→ What the exercise asks: Begin with the line below holding "Retro Metalen Vloerventilator" and go on through the line holding "Double Sided Pool", duplicating each line exactly and leaving out pictures.

→ Entries supplied:
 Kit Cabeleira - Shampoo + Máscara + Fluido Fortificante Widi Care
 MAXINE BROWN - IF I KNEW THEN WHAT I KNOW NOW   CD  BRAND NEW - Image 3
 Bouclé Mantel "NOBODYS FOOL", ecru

--

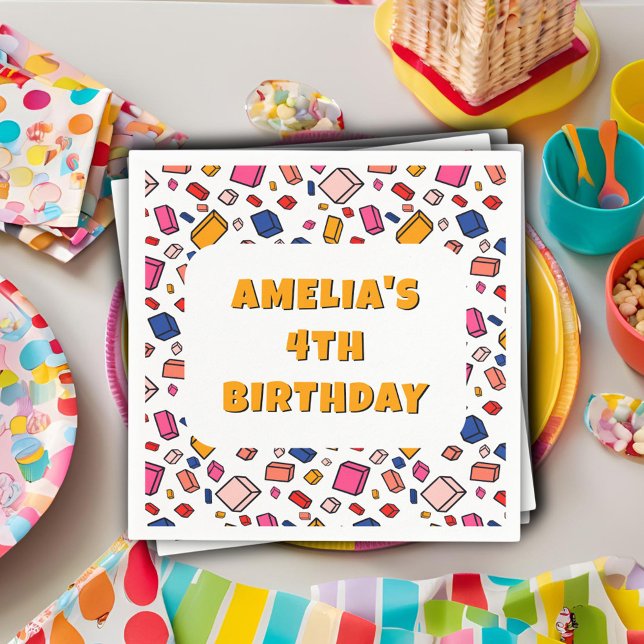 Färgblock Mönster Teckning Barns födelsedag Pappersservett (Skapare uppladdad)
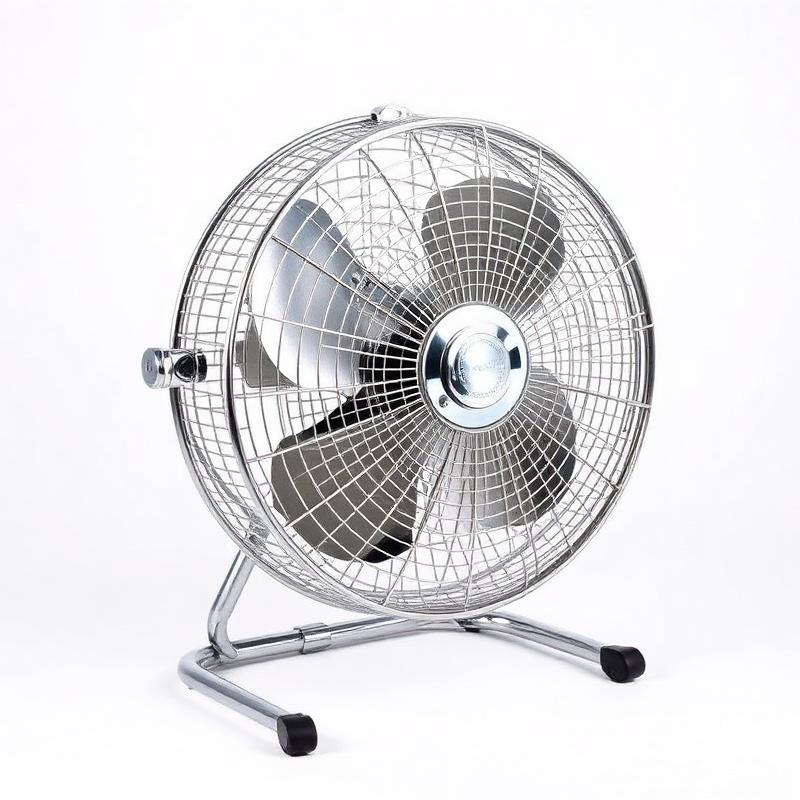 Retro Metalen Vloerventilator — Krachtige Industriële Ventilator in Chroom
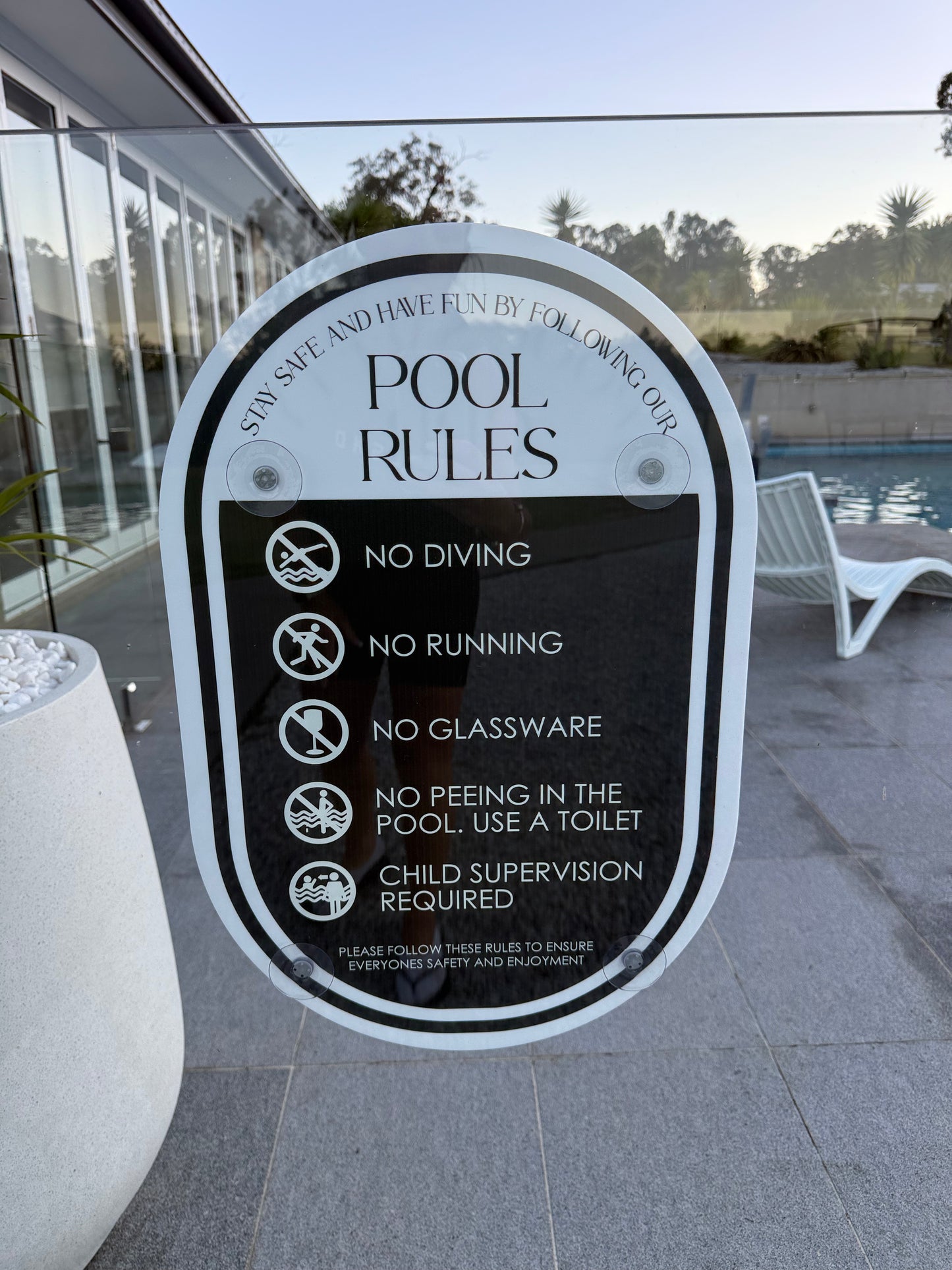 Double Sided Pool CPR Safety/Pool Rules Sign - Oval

→ Output of the task:
 Retro Metalen Vloerventilator — Krachtige Industriële Ventilator in Chroom
 Double Sided Pool CPR Safety/Pool Rules Sign - Oval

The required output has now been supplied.